Une remarque que j’entends faire autour de moi, c’est qu’à en juger par l’uniforme, l’armée allemande doit coûter moins cher que la nôtre, ce qui ne l’empêche pas d’être parfaitement équipée pour le service. Tout y est simple et subordonné à l’utile, sans cet étalage d’oripeaux et de fanfreluches que nous aimons tant, et qui entraînent tant de frais en pure perte. De plus les personnes âgées disent qu’elles reconnaissent les uniformes des armées allemandes, d’autrefois, du temps des invasions de 1814 et de 1815, ces deux cadeaux de Napoléon Ier,

soit dit en passant, que Napoléon III renouvelle dans des proportions plus larges encore. Ainsi les troupes bavaroises, prussiennes et les autres ont toujours la même physionomie. Il n’en est pas de même chez nous, où nos costumes militaires sont sans cesse remaniés sans que nous soyons jamais contents de ce que nous avons trouvé et que nous sachions jamais nous y tenir. On dirait que notre armée est habillée par des modistes. Renonçons donc enfin à cette manie de changement qui ne permet plus à rien de durer. Respectons au moins nos uniformes et ne les traitons plus comme nos Constitutions politiques.

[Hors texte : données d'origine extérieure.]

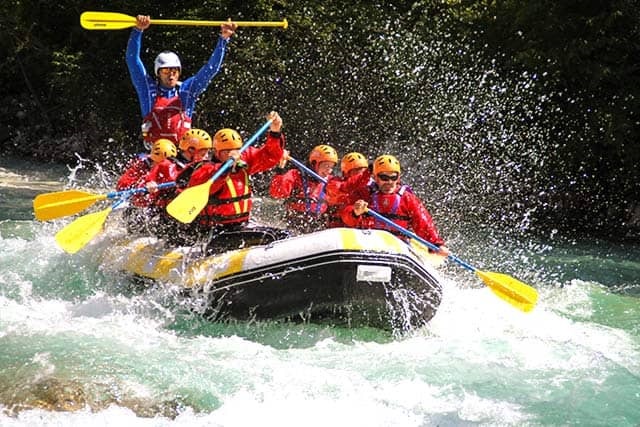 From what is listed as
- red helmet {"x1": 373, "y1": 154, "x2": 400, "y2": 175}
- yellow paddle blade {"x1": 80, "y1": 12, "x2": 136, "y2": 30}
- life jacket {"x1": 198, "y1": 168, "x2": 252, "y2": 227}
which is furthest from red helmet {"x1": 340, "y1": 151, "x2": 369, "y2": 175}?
yellow paddle blade {"x1": 80, "y1": 12, "x2": 136, "y2": 30}

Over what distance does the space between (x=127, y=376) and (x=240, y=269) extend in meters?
1.30

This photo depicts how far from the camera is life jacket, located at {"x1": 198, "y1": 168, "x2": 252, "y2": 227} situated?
6543 millimetres

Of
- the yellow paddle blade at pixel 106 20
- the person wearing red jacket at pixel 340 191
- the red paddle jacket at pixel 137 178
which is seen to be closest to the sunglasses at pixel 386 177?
the person wearing red jacket at pixel 340 191

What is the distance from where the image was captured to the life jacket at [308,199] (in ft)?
24.8

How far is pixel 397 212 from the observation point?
22.2 feet

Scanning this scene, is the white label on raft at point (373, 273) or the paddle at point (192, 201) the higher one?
the paddle at point (192, 201)

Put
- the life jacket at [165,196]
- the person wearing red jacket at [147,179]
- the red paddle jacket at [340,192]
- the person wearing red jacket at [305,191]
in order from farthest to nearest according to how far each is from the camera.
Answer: the person wearing red jacket at [305,191] → the person wearing red jacket at [147,179] → the life jacket at [165,196] → the red paddle jacket at [340,192]

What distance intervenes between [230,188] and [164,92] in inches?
78.5

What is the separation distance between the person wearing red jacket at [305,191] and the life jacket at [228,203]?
979mm

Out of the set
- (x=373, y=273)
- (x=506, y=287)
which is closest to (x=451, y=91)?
(x=506, y=287)

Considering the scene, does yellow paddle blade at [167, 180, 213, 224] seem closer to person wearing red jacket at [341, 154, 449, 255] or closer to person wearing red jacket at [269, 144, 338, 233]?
person wearing red jacket at [341, 154, 449, 255]

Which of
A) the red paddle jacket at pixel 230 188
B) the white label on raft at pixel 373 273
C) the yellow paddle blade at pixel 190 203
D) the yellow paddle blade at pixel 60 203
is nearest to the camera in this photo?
the white label on raft at pixel 373 273

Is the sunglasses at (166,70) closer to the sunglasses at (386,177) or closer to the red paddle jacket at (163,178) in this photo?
the red paddle jacket at (163,178)

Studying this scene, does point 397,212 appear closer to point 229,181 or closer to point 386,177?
point 386,177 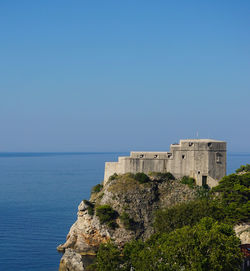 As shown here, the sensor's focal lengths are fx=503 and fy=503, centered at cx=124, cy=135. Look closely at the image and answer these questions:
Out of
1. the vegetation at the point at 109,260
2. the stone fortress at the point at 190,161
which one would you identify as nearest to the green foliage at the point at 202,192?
the stone fortress at the point at 190,161

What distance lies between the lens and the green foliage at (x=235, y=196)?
2085 inches

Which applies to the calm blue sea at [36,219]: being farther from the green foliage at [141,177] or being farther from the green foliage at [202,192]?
the green foliage at [202,192]

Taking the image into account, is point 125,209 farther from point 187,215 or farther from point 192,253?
point 192,253

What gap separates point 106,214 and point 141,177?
694cm


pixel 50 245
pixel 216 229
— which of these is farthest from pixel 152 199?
pixel 216 229

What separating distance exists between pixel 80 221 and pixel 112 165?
10564 mm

La journée a été rude pour la ville et nous ne sommes qu’au commencement. Voici le nombre et la nature des rations qui ont été fournies aux Prussiens aujourd’hui : Vin, 1 000 litres ; Pain, 4 200 kilogrammes ; Riz, 3 500 kil. ; Café, 1 400 kil. ; Viande, 1 260 kil. ; Clous à ferrer, 125 kil. ; Fers, 11 kil. ; Chevaux, 60. Notez qu’il ne s’agit ici que des chevaux de luxe tels que ceux de M. Gouy, à qui on a pris les trois plus belles bêtes de son écurie. Quant aux chevaux de réquisitions, on ne les compte pas.